__Task requirements__: Your copy should start at the line with "China Electric Mini" and end at the line with "La Mattina all'Opera" in the data below. Transcribe only those lines, exactly, pictures excluded.

(Recorded data begins)

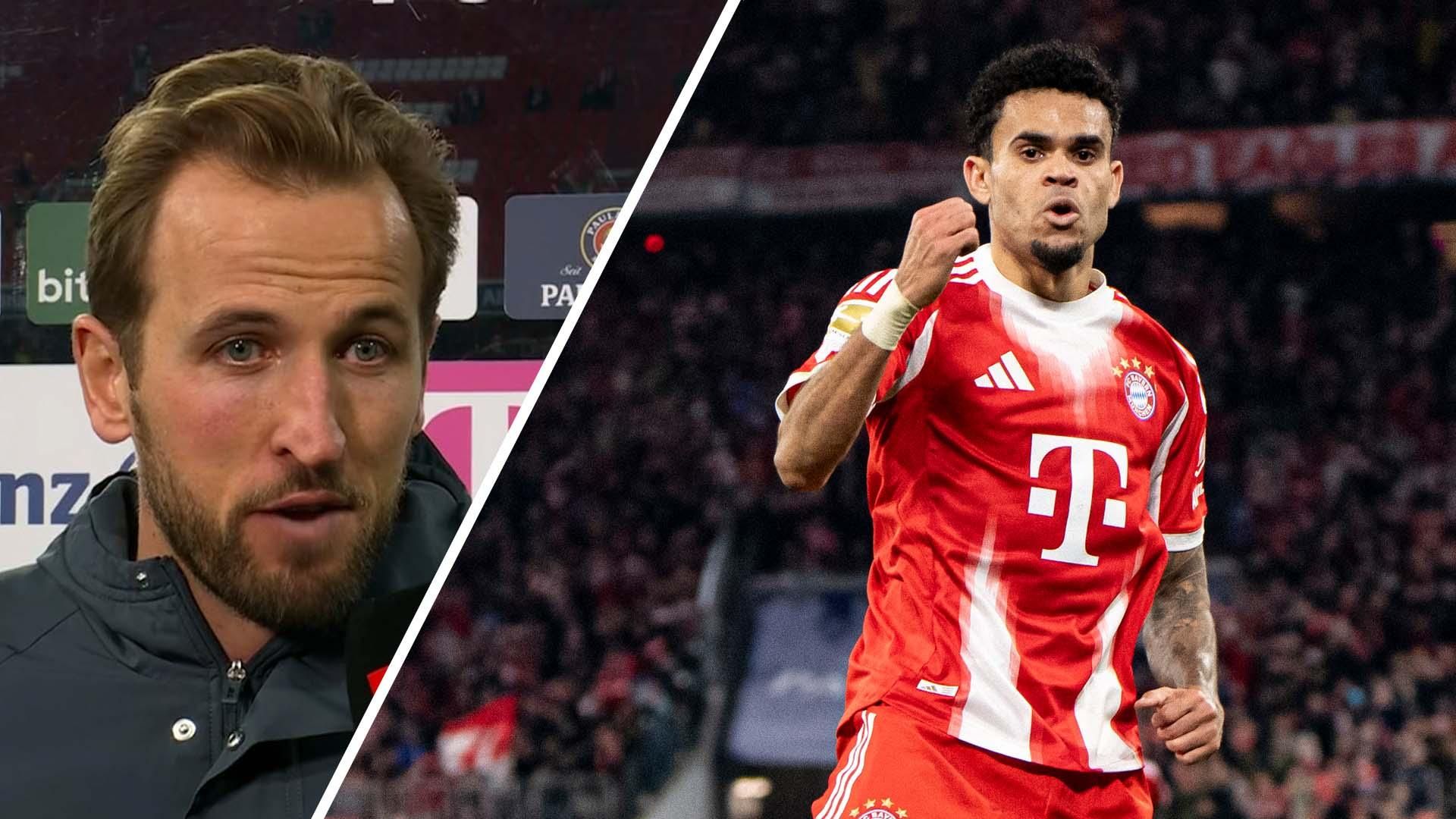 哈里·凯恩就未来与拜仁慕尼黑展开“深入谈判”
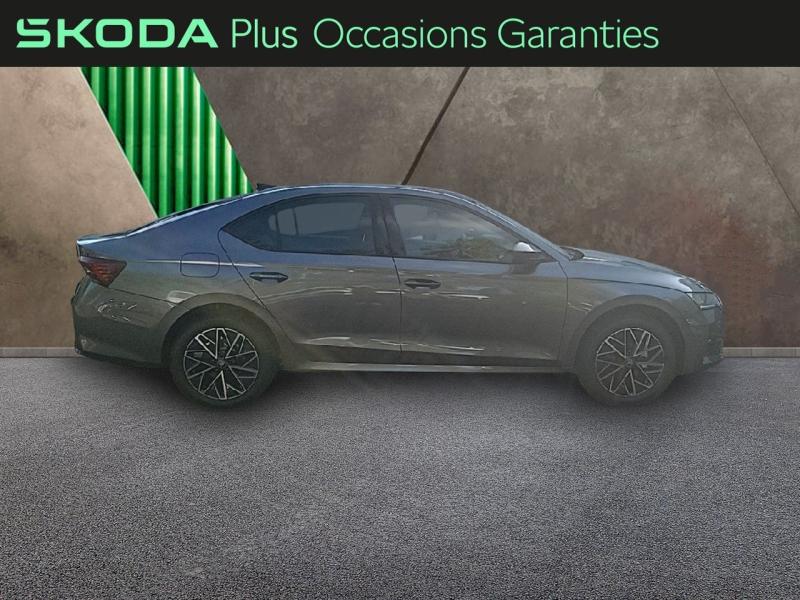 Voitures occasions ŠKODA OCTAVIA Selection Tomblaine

(Recorded data ends)
(Recorded data begins)

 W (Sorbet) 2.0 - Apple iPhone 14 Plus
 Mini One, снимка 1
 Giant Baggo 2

(Recorded data ends)
(Recorded data begins)

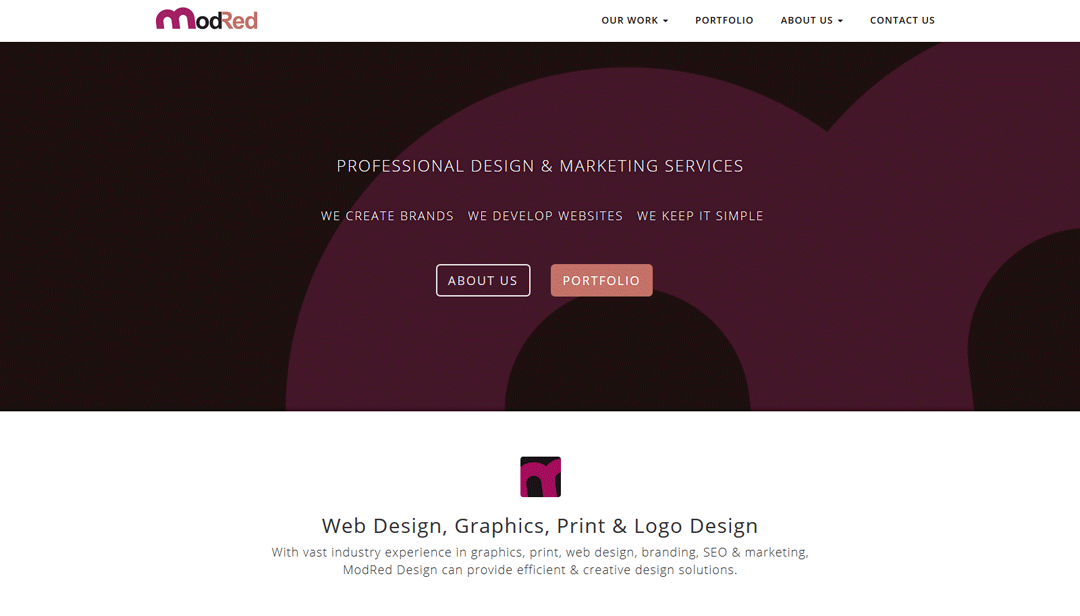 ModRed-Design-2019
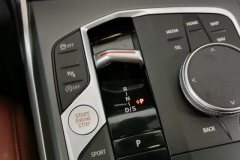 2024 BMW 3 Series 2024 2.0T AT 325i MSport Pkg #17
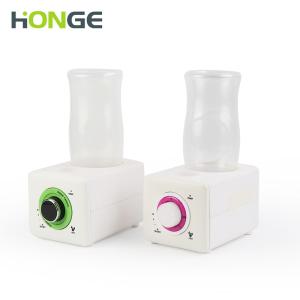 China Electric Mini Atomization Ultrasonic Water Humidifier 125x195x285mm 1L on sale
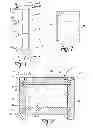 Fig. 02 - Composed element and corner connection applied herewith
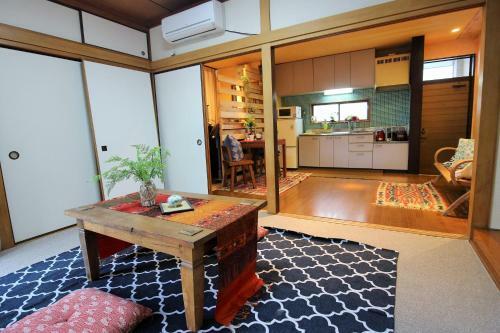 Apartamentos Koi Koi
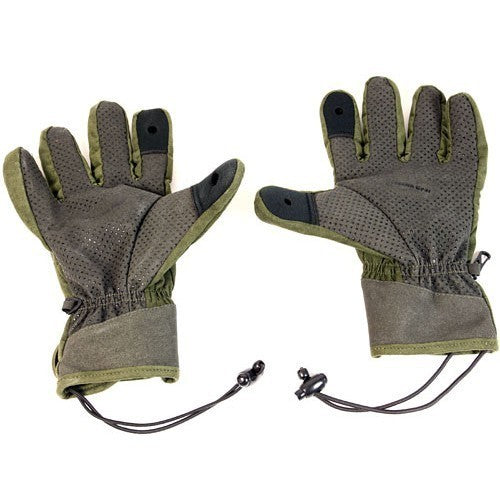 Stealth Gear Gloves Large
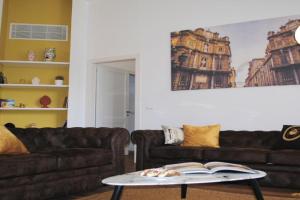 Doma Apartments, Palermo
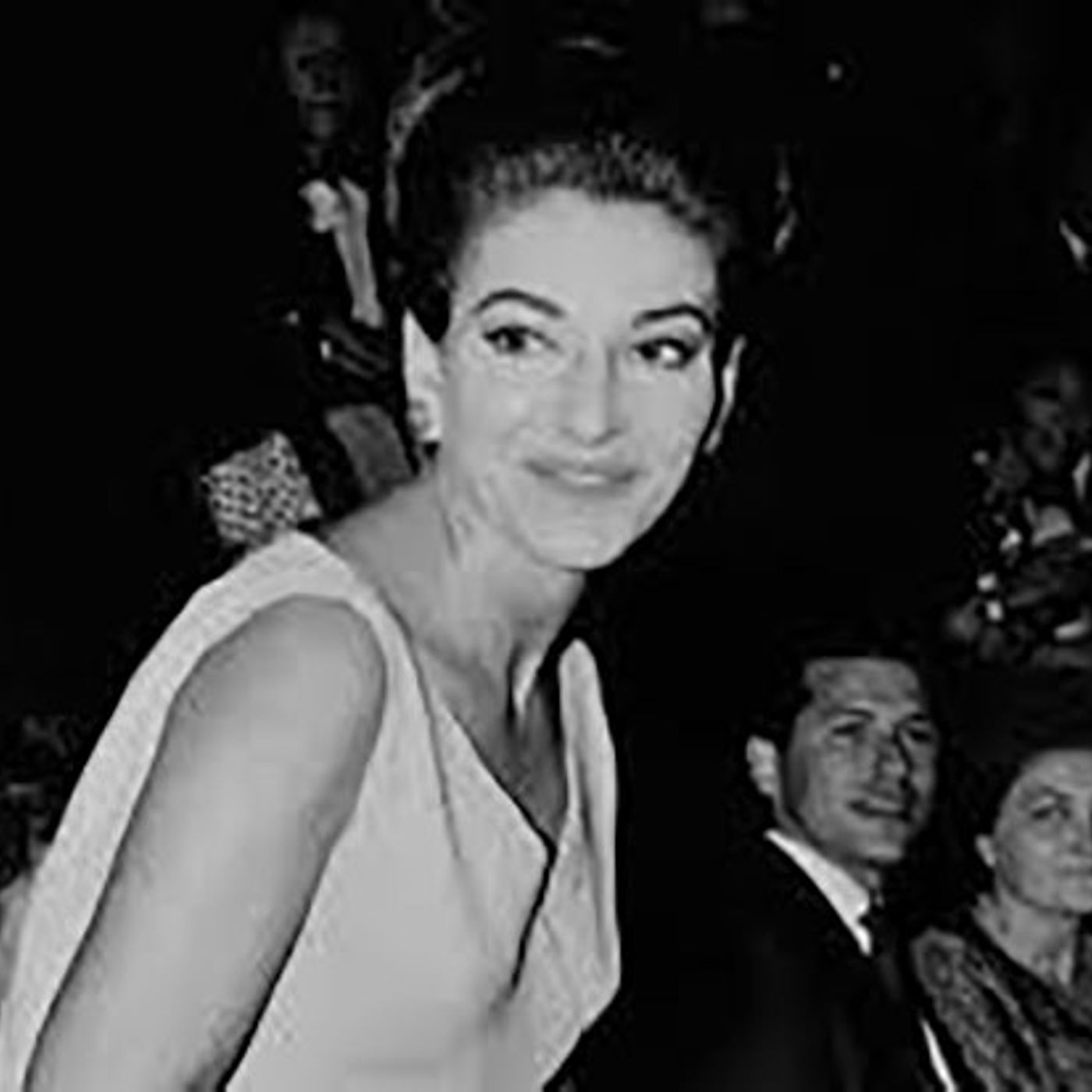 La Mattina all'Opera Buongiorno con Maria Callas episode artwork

(Recorded data ends)

__Exercise output__:
 China Electric Mini Atomization Ultrasonic Water Humidifier 125x195x285mm 1L on sale
 Fig. 02 - Composed element and corner connection applied herewith
 Apartamentos Koi Koi
 Stealth Gear Gloves Large
 Doma Apartments, Palermo
 La Mattina all'Opera Buongiorno con Maria Callas episode artwork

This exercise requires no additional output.